> _Provided information_:
================

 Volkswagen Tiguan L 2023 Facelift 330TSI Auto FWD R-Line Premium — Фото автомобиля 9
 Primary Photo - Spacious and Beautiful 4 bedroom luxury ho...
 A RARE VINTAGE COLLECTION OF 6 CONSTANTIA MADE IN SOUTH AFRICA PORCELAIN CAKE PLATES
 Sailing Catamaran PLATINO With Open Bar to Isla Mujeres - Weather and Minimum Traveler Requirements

================

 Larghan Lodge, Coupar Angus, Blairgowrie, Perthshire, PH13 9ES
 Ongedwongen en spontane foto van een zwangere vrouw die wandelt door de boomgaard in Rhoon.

================

> _Task statement_:
Starting with the line with "Volkswagen Tiguan L" above and going on through the line with "Sailing Catamaran PLATINO", transcribe every line exactly, both ends included, and add nothing.

> _Response_:
 Volkswagen Tiguan L 2023 Facelift 330TSI Auto FWD R-Line Premium — Фото автомобиля 9
 Primary Photo - Spacious and Beautiful 4 bedroom luxury ho...
 A RARE VINTAGE COLLECTION OF 6 CONSTANTIA MADE IN SOUTH AFRICA PORCELAIN CAKE PLATES
 Sailing Catamaran PLATINO With Open Bar to Isla Mujeres - Weather and Minimum Traveler Requirements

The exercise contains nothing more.